There are loads. I have always prefered the books but here are some I can remember

Chocolat Joanne Harris (I think)
The Lord of the Rings J R R Tolkein
Oliver Charles Dickens
A Christmas Carol (loads of adaptations) Charles Dickens
Great Expectations Charles Dickens
Cadfael stories Ellis Peters
Miss Marple Stories Agatha Christie
Poirot Stories Agatha Christie
Morse Colin Dexter
Midsommer Murders (but I can't remember who wrote the books)
memoirs of a Geisha (but I can't remember who wote the book and it's one I read too)


----------



## AlisonM (Jun 1, 2010)

One of my all time favourites, book and movie, To Kill a Mockingbird by Harper Lee.

War and Peace, Tolstoy
The Daughter of Time and Brat Farrar, Josephine Tey
The Moving Toyshop, Edmund Crispin
The Woman in White, Wilkie Collins
A Clockwork Orange, Anthony Burgess


----------



## Caroline Wilson (Jun 1, 2010)

Gone with the Wind Margaret Mitchel
Dr Zhivago (another one I can't remember who wrote it)

Love Story bucks the trend. the film came first then the book came out. It always makes me cry bucketts...


----------



## Andy HB (Jun 1, 2010)

"Do Androids dream of electric sheep" by Philip K Dick became the film Bladerunner.

Andy


----------



## Northerner (Jun 1, 2010)

The worst ever film of a book was Hitchiker's Guide to the Galaxy (Douglas Adams). They ruined it by trying to pander to the US market, totally miscasting Ford Prefect and getting Marvin completely wrong. TV series was much better.


----------



## Annimay (Jun 1, 2010)

Pride & Prejudice, Sense & Sensibility, Emma - all by Jane Austen
Jane Eyre, Wuthering Heights by the Brontes (I can never remember who wrote which one)
Watership Down by Richard Adams


----------



## Northerner (Jun 1, 2010)

War and Peace, Anna Karenina, Dr Zhivago...books all better than films. in my opinion. Lord of the Rings trilogy - I couldn't get into the books at all, so enjoyed the films, but I'm sure afficionados found lots to criticise!


----------



## cazscot (Jun 1, 2010)

Cadfael - Ellis Peters, Chirstine, Carrie, The Green Mile - Stephen King, Sherlock Homes...


----------



## twinnie (Jun 1, 2010)

harry potter jk rowling {film}
agatha christie poirot{tv}
twlight cant remeber the lassie name{film}
jack higgins {flims the books are better}
one for the kids the princess diaries {flim}


----------



## AlisonM (Jun 1, 2010)

CS Lewis' Narnia stories


----------



## Andy HB (Jun 1, 2010)

Northerner said:


> The worst ever film of a book was Hitchiker's Guide to the Galaxy (Douglas Adams). They ruined it by trying to pander to the US market, totally miscasting Ford Prefect and getting Marvin completely wrong. TV series was much better.

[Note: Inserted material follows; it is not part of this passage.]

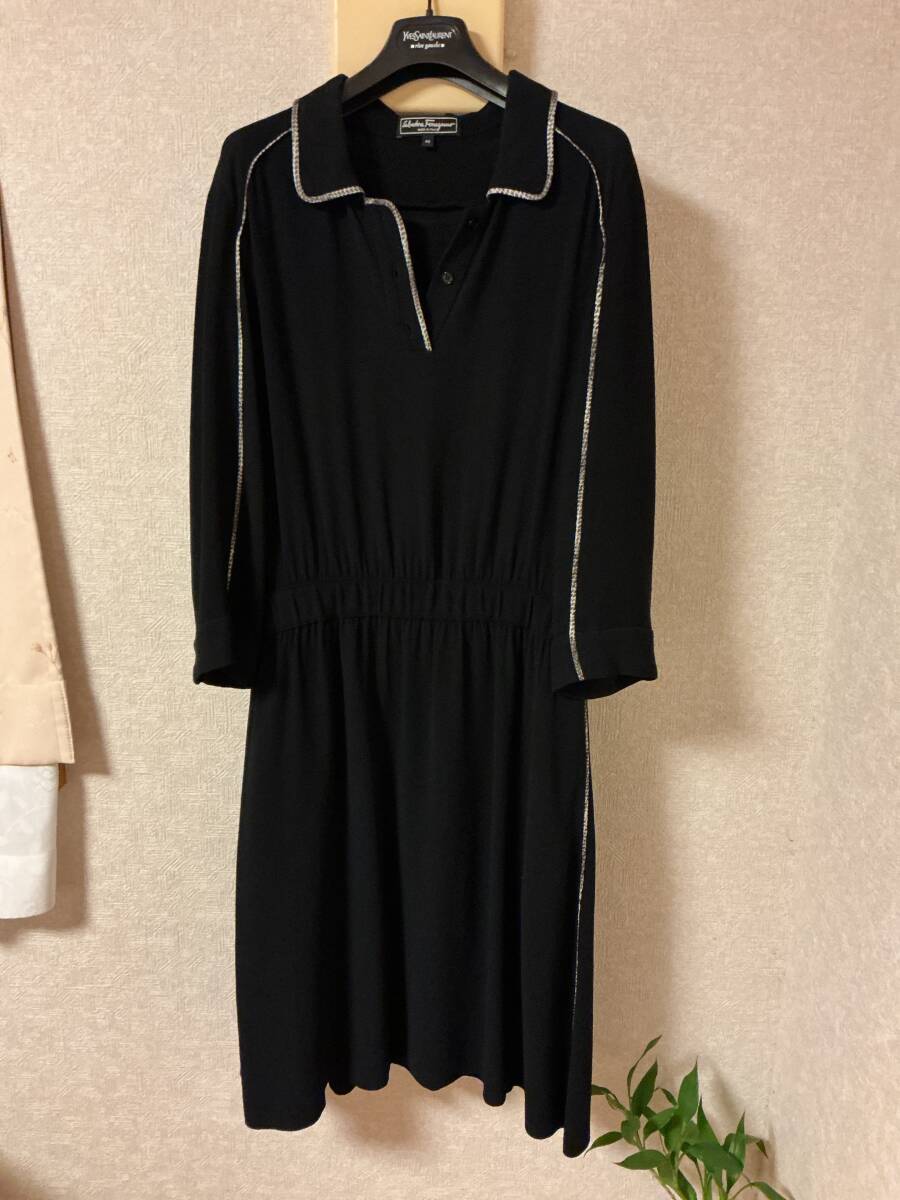 フェラガモ　レディース　ワンピース　黒　46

But I find that the pictures were much better on the original radio series! 

I'd also hazard a guess that this is the only time that a radio series became a book, became a tv series and then a film? 

Andy


----------



## AlisonM (Jun 2, 2010)

Andy HB said:


> But I find that the pictures were much better on the original radio series!
> 
> I'd also hazard a guess that this is the only time that a radio series became a book, became a tv series and then a film?
> 
> Andy



Oh, that reminds me, War of the Worlds. I first heard that on the radio in 1967 (sadly not the Orson Welles one), it was terrifying. The book wasn't, neither were the films. I have a musical version made in 1978 by Jeff Wayne that I find hysterically funny. And that, of course leads to other classic films like The Time Machine, 20,000 Leagues Under the Sea, Journey to the Centre of the Earth.


----------



## PhilT (Jun 2, 2010)

Caroline Wilson said:


> Gone with the Wind Margaret Mitchel
> Dr Zhivago (another one I can't remember who wrote it)
> 
> Love Story bucks the trend. the film came first then the book came out. It always makes me cry bucketts...


 
Dr Zhivago was written by Boris Pasternak. 
A friend of Pasternak's smuggled the book out of Russia and it was published in 1957 by an Italian publishing house.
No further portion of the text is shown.